Image-text web data
========================

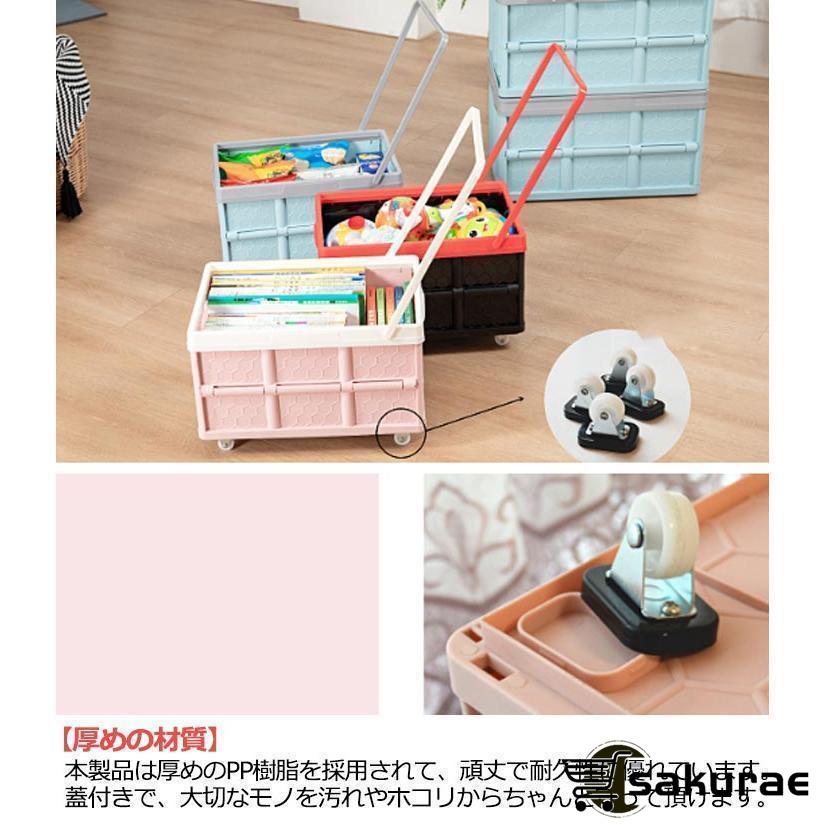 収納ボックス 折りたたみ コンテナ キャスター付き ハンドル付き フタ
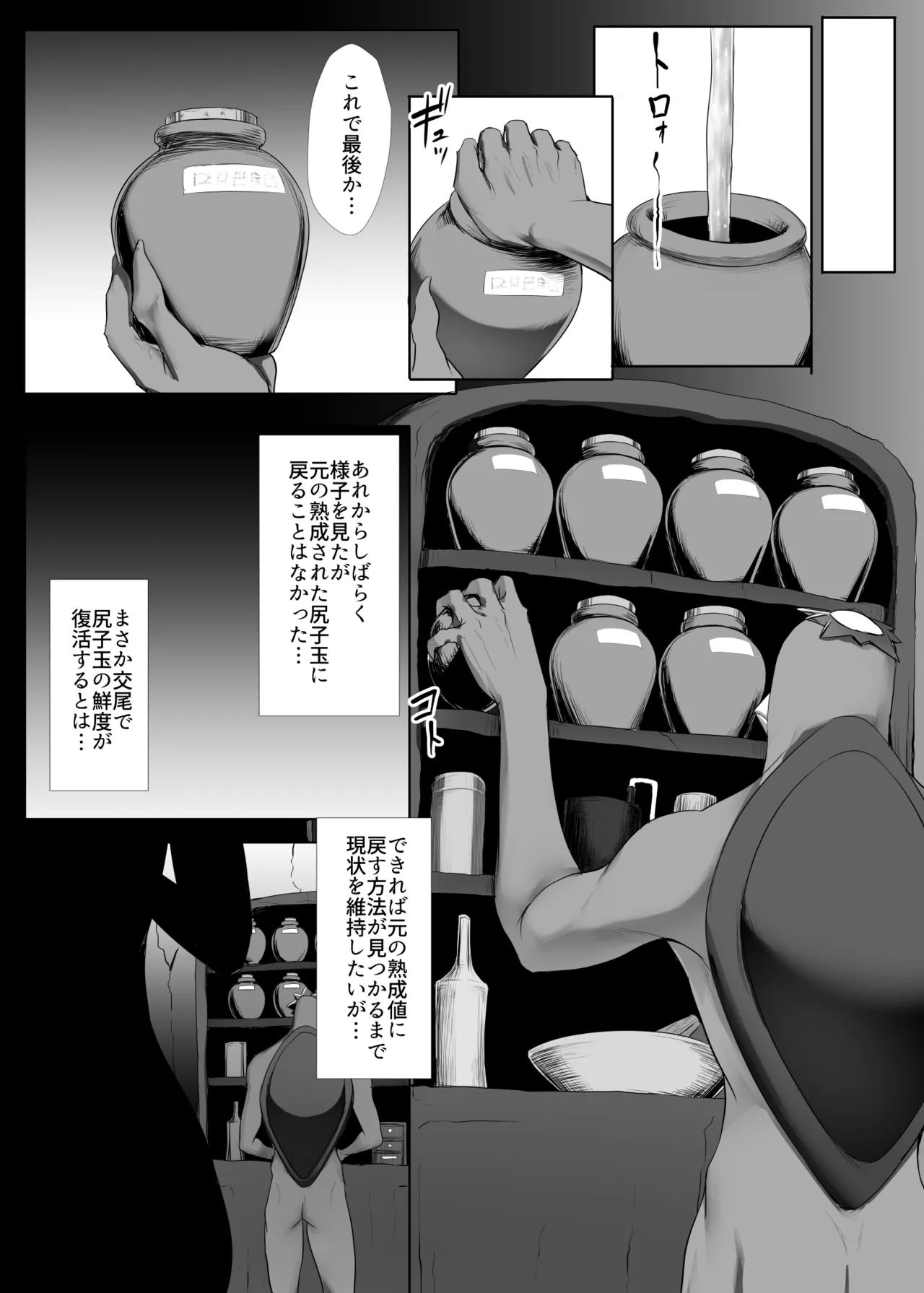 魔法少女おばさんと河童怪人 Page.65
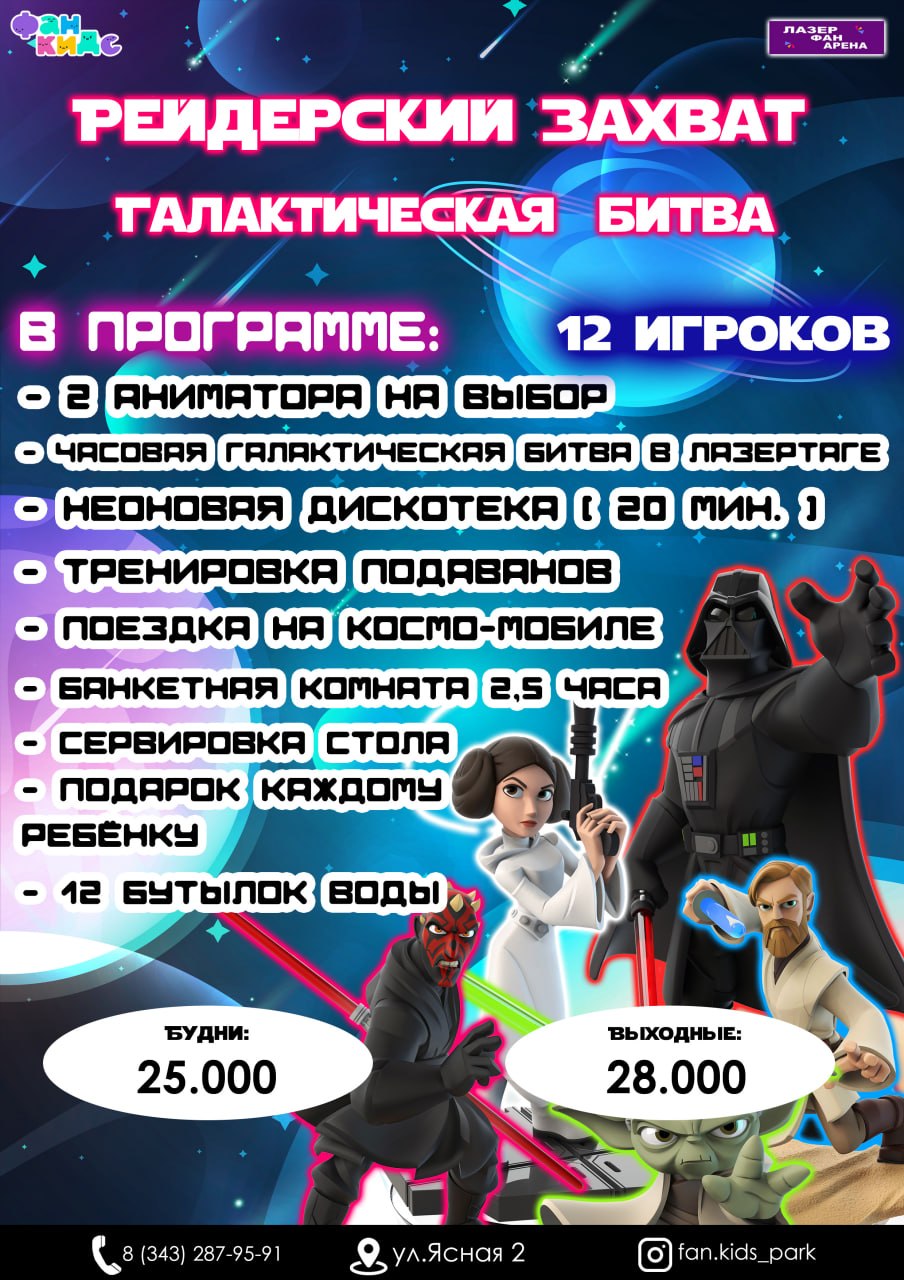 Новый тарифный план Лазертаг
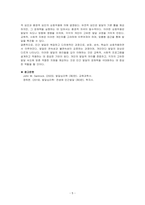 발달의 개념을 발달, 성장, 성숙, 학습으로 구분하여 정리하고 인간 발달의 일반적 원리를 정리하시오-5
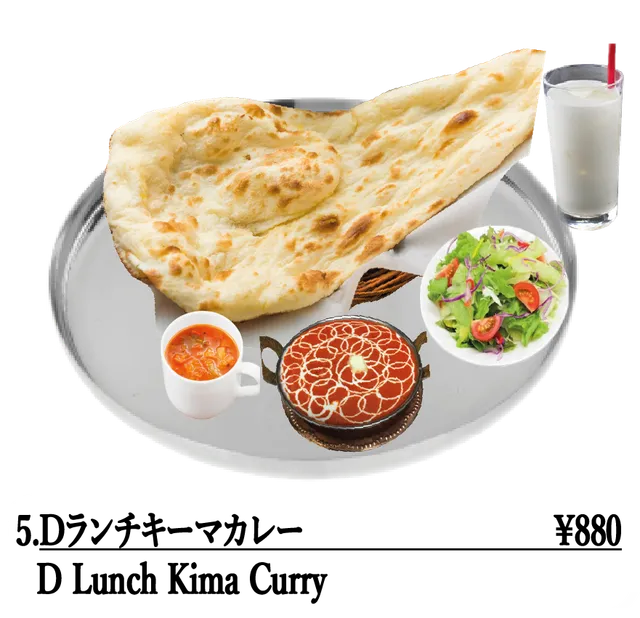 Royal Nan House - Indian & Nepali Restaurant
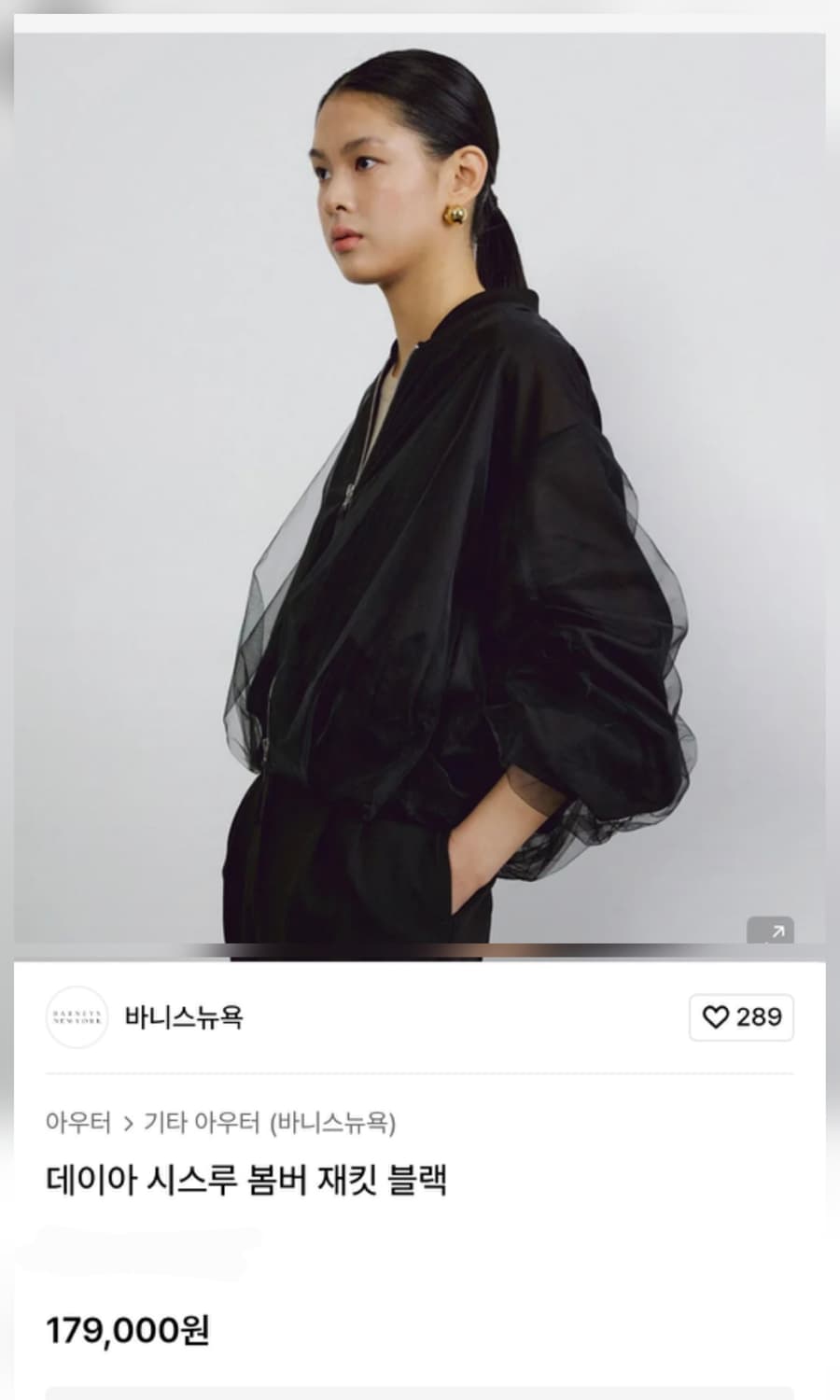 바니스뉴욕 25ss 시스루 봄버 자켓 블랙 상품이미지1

========================

#### Task to complete:
Retype all the data exactly; skip the pictures.

#### Solution to this task:
 収納ボックス 折りたたみ コンテナ キャスター付き ハンドル付き フタ
 魔法少女おばさんと河童怪人 Page.65
 Новый тарифный план Лазертаг
 발달의 개념을 발달, 성장, 성숙, 학습으로 구분하여 정리하고 인간 발달의 일반적 원리를 정리하시오-5
 Royal Nan House - Indian & Nepali Restaurant
 바니스뉴욕 25ss 시스루 봄버 자켓 블랙 상품이미지1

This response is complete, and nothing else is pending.